Description of problem: Pg repair corrupts all shards if the xattr(or data) in primary shard(or the "selected" copy) is corrupted. Note: this bz covers the 'latent' issue highlighted in https://bugzilla.redhat.com/show_bug.cgi?id=1457097#c10. Version-Release number of selected component (if applicable): 10.2.7-24.el7cp RHEL How reproducible: 1. Created pool.
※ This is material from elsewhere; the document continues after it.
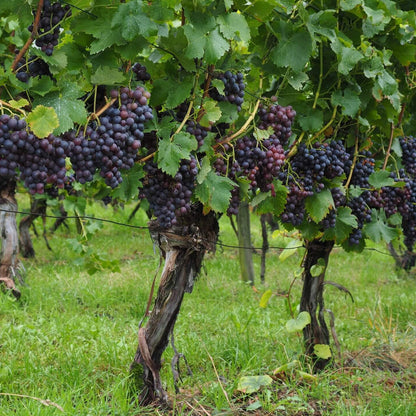Grape seeds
Wrote some data. 2. Picked one of the shards (primary) and corrupt one of the objects xattr 3. Scrubbed, it find the inconsistent object 4. Did a pg repair to successfully repaired the object. 5. Ran scrub again on the pg, it found the same object inconsistent again. 2017-06-03 20:09:04.877818 osd.0 [INF] 3.17 scrub starts 2017-06-03 20:09:04.879714 osd.0 [ERR] scrub 3.17 3:e98a0d29:::benchmark_data_aircobra.lab.eng.blr.redhat.c_129845_object53:head can't decode 'snapset' attr buffer::malformed_input: void SnapSet::decode(ceph::buffer::list::iterator&) unknown encoding version > 2 2017-06-03 20:09:04.879782 osd.0 [ERR] 3.17 scrub 1 errors 6. So did a Pg repair again, it didn't repair this time 2017-06-03 20:17:57.929809 osd.0 [INF] 3.17 repair starts 2017-06-03 20:17:59.446822 osd.0 [ERR] repair 3.17 3:e98a0d29:::benchmark_data_aircobra.lab.eng.blr.redhat.c_129845_object53:head can't decode 'snapset' attr buffer::malformed_input: void SnapSet::decode(ceph::buffer::list::iterator&) unknown encoding version > 2 2017-06-03 20:17:59.446855 osd.0 [ERR] 3.17 repair 1 errors, 0 fixed After the repair, all copies will have its xattr(or data) value of the primary shard.If somehow primary (or the "selected" copy) is corrupted all its copies will also be corrupted. [osd.4] getfattr -d -m . ./benchmark\\udata\\uaircobra.lab.eng.blr.redhat.c\\u129845\\uobject53__head_94B05197__3 # file: benchmark\134udata\134uaircobra.lab.eng.blr.redhat.c\134u129845\134uobject53__head_94B05197__3 security.selinux="system_u:object_r:ceph_var_lib_t:s0" user.ceph._=0sDwghAQAABANdAAAAAAAAADwAAABiZW5jaG1hcmtfZGF0YV9haXJjb2JyYS5sYWIuZW5nLmJsci5yZWRoYXQuY18xMjk4NDVfb2JqZWN0NTP+/////////5dRsJQAAAAAAAMAAAAAAAAABgMcAAAAAwAAAAAAAAD/////AAAAAAAAAAD//////////wAAAAANAAAAAAAAACkAAAAAAAAAAAAAAAAAAAACAhUAAAAInBAAAAAAAAA2AAAAAAAAAAAAAAAAAEAAAAAAAD/JMllPeq4bAgIVAAAAAAAAAAAAAAAAAAAAAAAAAAAAAAAAAAAAAAAAAAAAAAAAAA== user.ceph._@1=0sAAAAAAAAAAANAAAAAAAAAAAAAAAAAAAAADQAAAA/yTJZEXQXHCNKM4n///// user.ceph.snapset="0000000xxxx000000000" user.cephos.spill_out=0sMAA= Actual results: Expected results: Additional info:
Existing bad behavior - fix in async
As the linked PR got merged to the upstream release stream and this is fixed in subsequent releases, I am closing this bugzilla.